WORK TASK:
As you reproduce every line below, keep it exactly as written and leave out the images.

COLLECTED DATA:
= Beginning of Section =

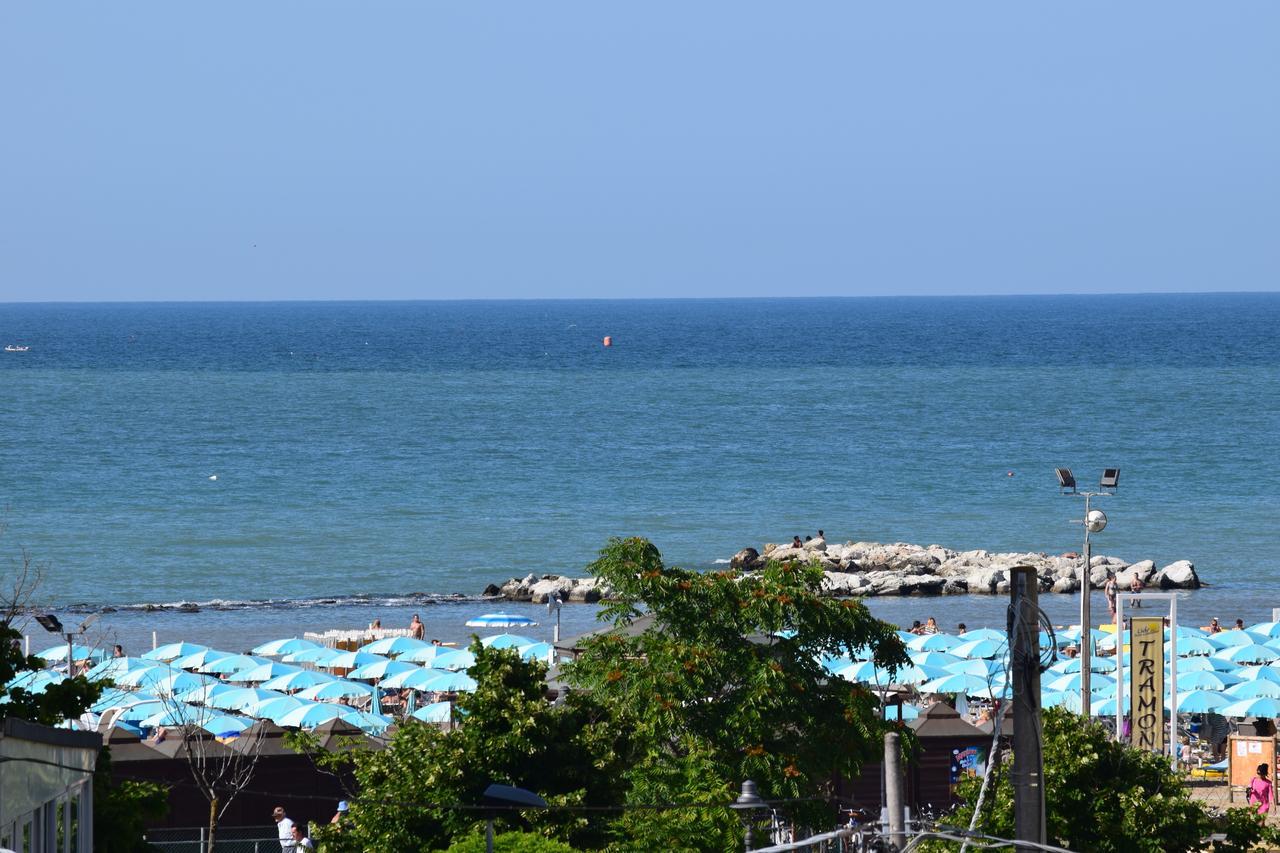 Hotel Ottavia Ρίμινι Εξωτερικό φωτογραφία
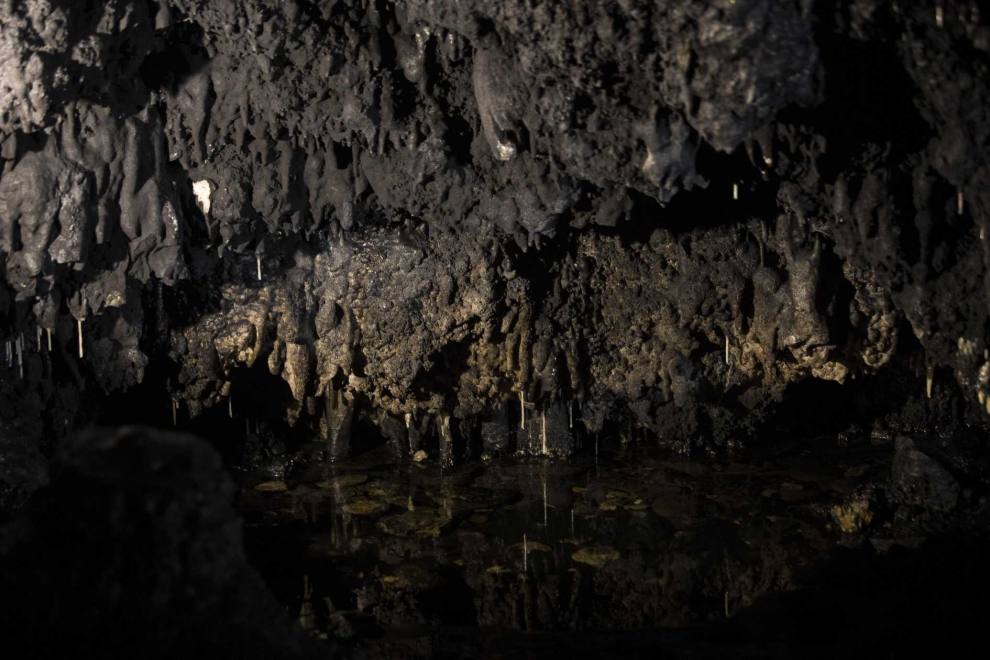 Interior de la Cueva del Agua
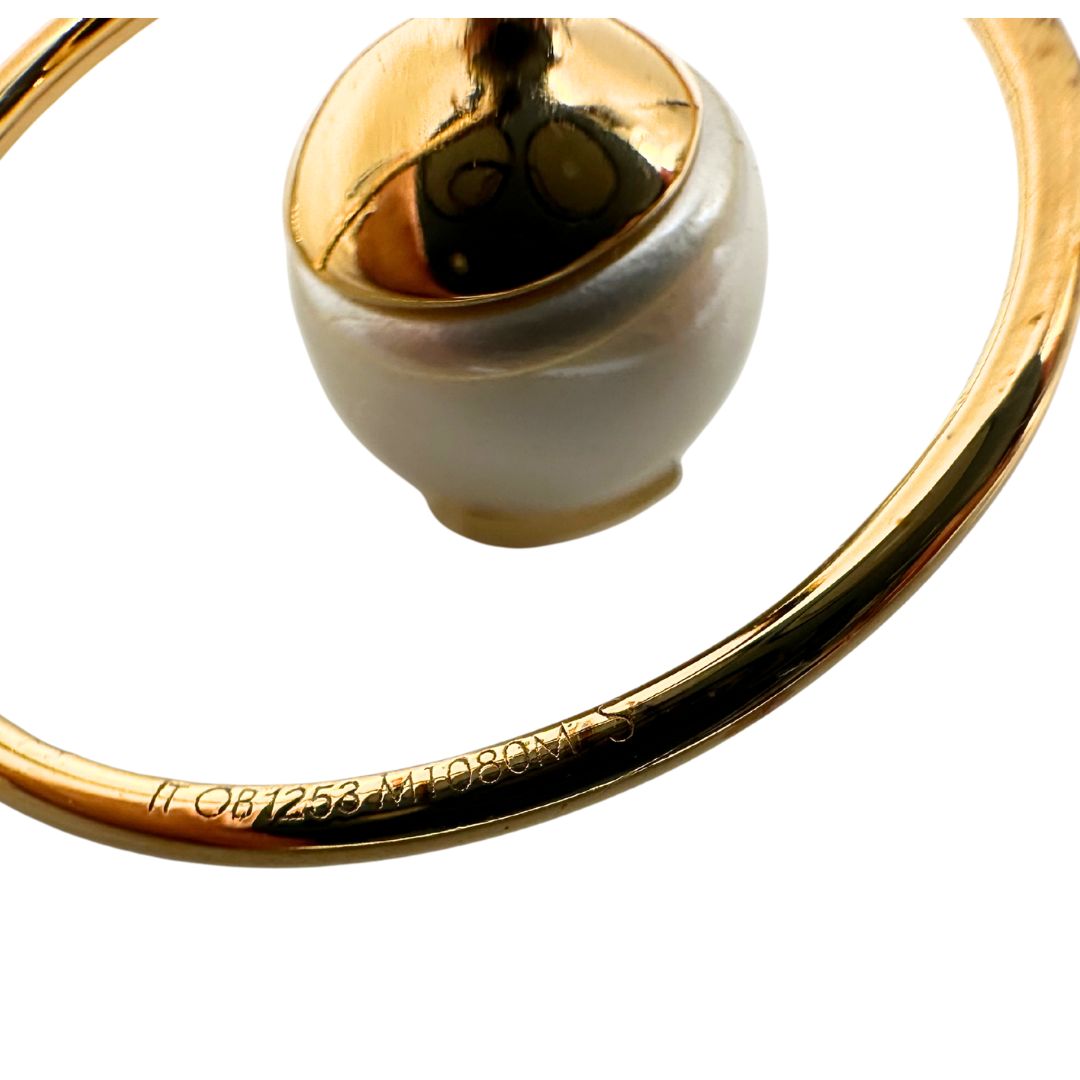  Anello Louis Vuitton in metallo dorato impreziosito da una perla in resina bianca logata. Full set, di lusso, originale, usato.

= End of Section =

RESPONSE FOR THIS EXERCISE:
 Hotel Ottavia Ρίμινι Εξωτερικό φωτογραφία
 Interior de la Cueva del Agua
  Anello Louis Vuitton in metallo dorato impreziosito da una perla in resina bianca logata. Full set, di lusso, originale, usato.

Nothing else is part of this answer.